In de hofstad werd ze lid van kunstenaarssociëteit Pulchri Studio, waar ze met onder andere Marius Bauer, George Hendrik Breitner, Willem de Zwart en haar latere echtgenoot Richard Bisschop (1849-1926) deelnam aan de tekenavonden (afb. b).

afb. b. Suze Robertson, Portret van Adolphe Boutard,circa 1884-1889,zwart krijt op papier, 52,4 x 36,4cm, particuliere collectie

Vanaf 1885 ontving ze gedurende vier jaren de Koninklijke Subsidie voor Vrije Schilderkunst. Tijdens studiereizen naar Dongen en Laren raakte ze geïnteresseerd in het thema van de werkende vrouw. Niet bezien door een romantische bril, zoals bijvoorbeeld haar voorgangers Anton Mauve en Jozef Israëls deden, maar met medeleven, respect en oog voor de (harde) realiteit. Robertson was in 1883 een van de eerste Nederlandse kunstenaars die fotografeerde. Haar zelfgemaakte zwart-witfoto’s gebruikte ze als basis voor kleurrijke, geschilderde stadsgezichten. Dit zijn geen traditionele, topografisch correcte weergaves van bebouwing, maar composities opgebouwd uit kleurblokken. Dat was revolutionair en kreeg veel kritiek. Kunstcritica Hermine Marius begreep Robertson als een van de weinigen wel en schreef dat de kunstenaar een gevoel voor kleur bezat dat ‘meer uit een visie voortkomt dan uit realisme’.

In 1892 trouwde Robertson met collega-schilder Richard Bisschopen twee jaar later werd hun enige dochter Sara geboren.In1895 verhuisde het gezin naar Leur waar Roberts onuitgebreid experimenteerde met compositie, materiaal en ondergrond (afb. c).

afb. c. Suze Robertson, Pietje / Lezend meisje, circa 1898, olieverf en bladgoud op paneel, 42x 32cm, particuliere collectie in bruikleen Rijksmuseum, Amsterdam

De ideeën die Robertson had ontwikkeld over het ordenen van stadsgezichten in kleuren, paste ze in Leur toe op zogenaamde bleekvelden: witte lakens op groen gras, omringd door rode daken en een blauwe lucht. Robertson zei: ‘Ik kom er hoe langer hoe meer van terug mooie studies naar de natuur te maken’ (afb. d).

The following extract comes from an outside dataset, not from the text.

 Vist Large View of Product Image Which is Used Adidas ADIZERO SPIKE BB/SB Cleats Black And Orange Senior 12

afb. d. Suze Robertson, Bleekveld, circa 1895-1898, olieverf op doek, 57 x 77 cm, particuliere collectie

Na enkele jaren in Leur keerde ze in 1898 weer terug naar Den Haag. In 1902 bracht ze haar dochter Sara onder bij een pleeggezin, zodat ze weer meer naar buiten kon gaan om te schilderen. Ze bezocht diverse plaatsen in Nederland, waaronder Heeze en Harderwijk, waar ze oude gebouwen en boerenvrouwen in interieurs bestudeerde, soms in wel tientallen versies. Voortbordurend op haar bleekvelden en stadsgezichten uit de jaren 1890 deelde ze composities op in omlijnde blokken rood, groen, geel en blauw. Hierbij gebruikte ze kleur niet langer om de werkelijkheid zo nauwkeurig mogelijk te benaderen, maar als middel om uitdrukking te geven aan haar eigen gevoel. In elke nieuwe versie zocht Robertson naar een krachtiger expressie (afb. e).

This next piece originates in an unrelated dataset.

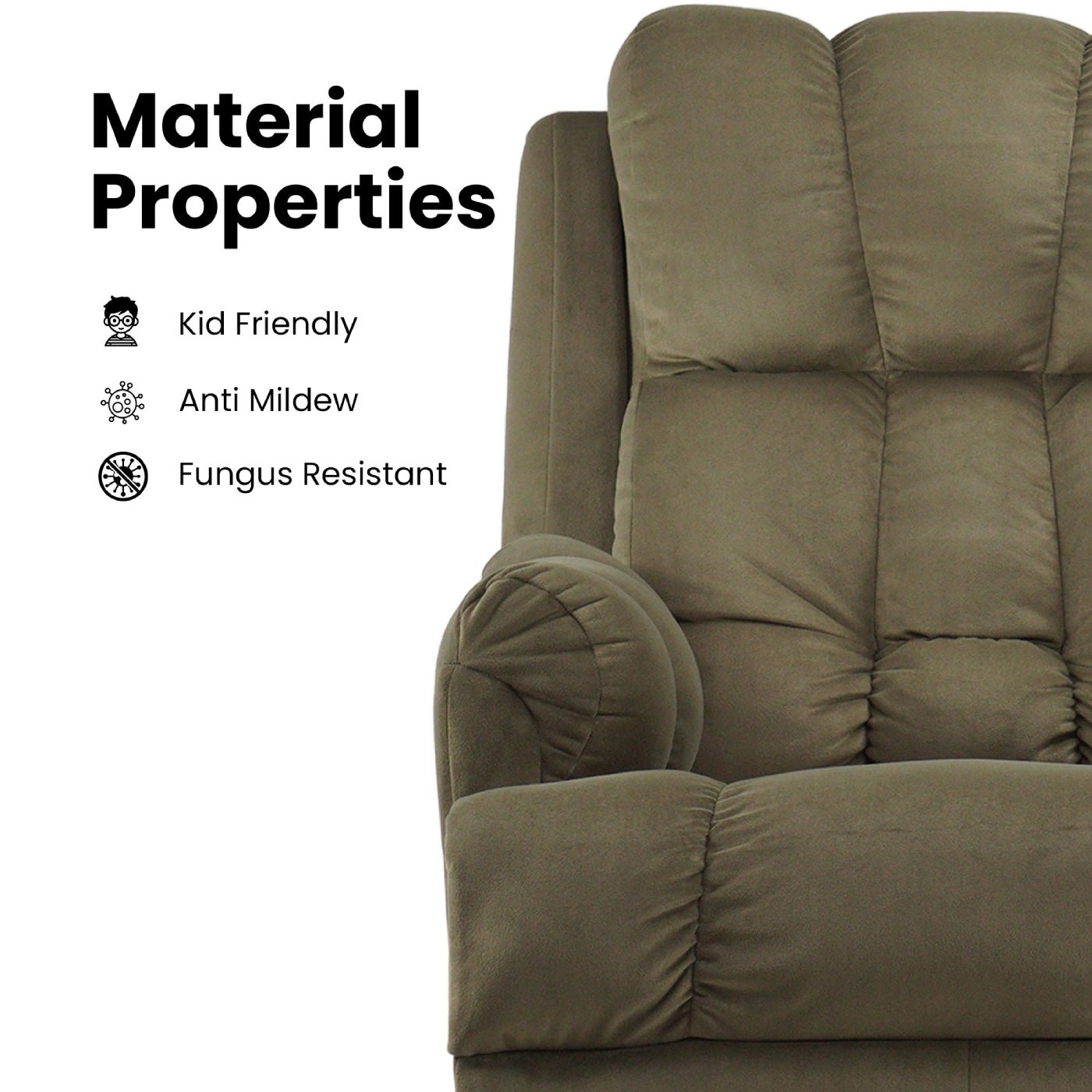 Black Hush Hiven Donna Velvet Single Seater Motorized Recliner chair material properties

afb. e. Suze Robertson, Binnenplaats (Noordwijk), circa 1905, olieverf op doek, 83 x 102cm, collectie Drents Museum, Assen

In 1905, net vijftig jaar oud, brak Robertson definitief door met een solotentoonstelling bij de Rotterdamsche Kunstkring. Daar verkocht ze veel en kreeg ze ook veel publicitaire aandacht. Dat leidde tot een tentoonstelling van haar werk bij de opening in 1907 van de Amsterdamse vestiging van de Larensche Kunsthandel. De expositie werd een doorslaand succes. De kritieken waren lovend.

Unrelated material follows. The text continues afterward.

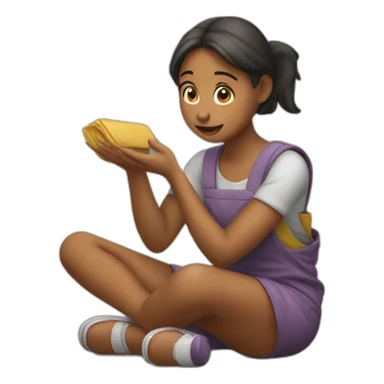 A girl begging to someone to buy her products sticker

Tegen de stroom oproeien. Toegewijd en volhardend. Dat deed Robertson. Als een van de eerste vrouwelijke beroepskunstenaars van Nederland. Ze was vastbesloten te slagen in een door mannen gedomineerde kunstwereld. Hoewel Robertson zichzelf niet zag als feministe of pleitbezorger van de vrouwelijke zaak, speelde ze wel degelijk een belangrijke rol bij het vrijmaken van de weg voor vrouwelijke kunstenaars. Wanneer ze hindernissen ondervond die voortkwamen uit een door mannen gedomineerde wereld, zowel in haar kunst als in haar sociale leven, ageerde ze daartegen, van de beperkte toegang voor vrouwen tot de academie, het verbod tot het volgen van tekenles naar naaktmodel, het niet mogen gebruiken van de leestafel bij Pulchri, tot en met het zich niet mogen aansluiten bij een kunstenaarsgezelschap. Telkens zocht ze een manier om als vrouw toegang te krijgen en bereidde daarmee de weg voor andere vrouwen. In haar huwelijk met Richard Bisschop bestreed ze de opvatting dat vrouwen die eenmaal getrouwd waren geen kunst meer mochten maken voor de commercie. Ze wilde als kunstenaar zelfstandig worden beoordeeld en niet als ‘vrouw van’. Haar keuze om als artiestennaam Robertson te blijven gebruiken heeft daartoe zeker bijgedragen. Door haar motieven en stijl van werken bestreed ze de perceptie van wat typisch vrouwelijke en mannelijke kunst zou zijn.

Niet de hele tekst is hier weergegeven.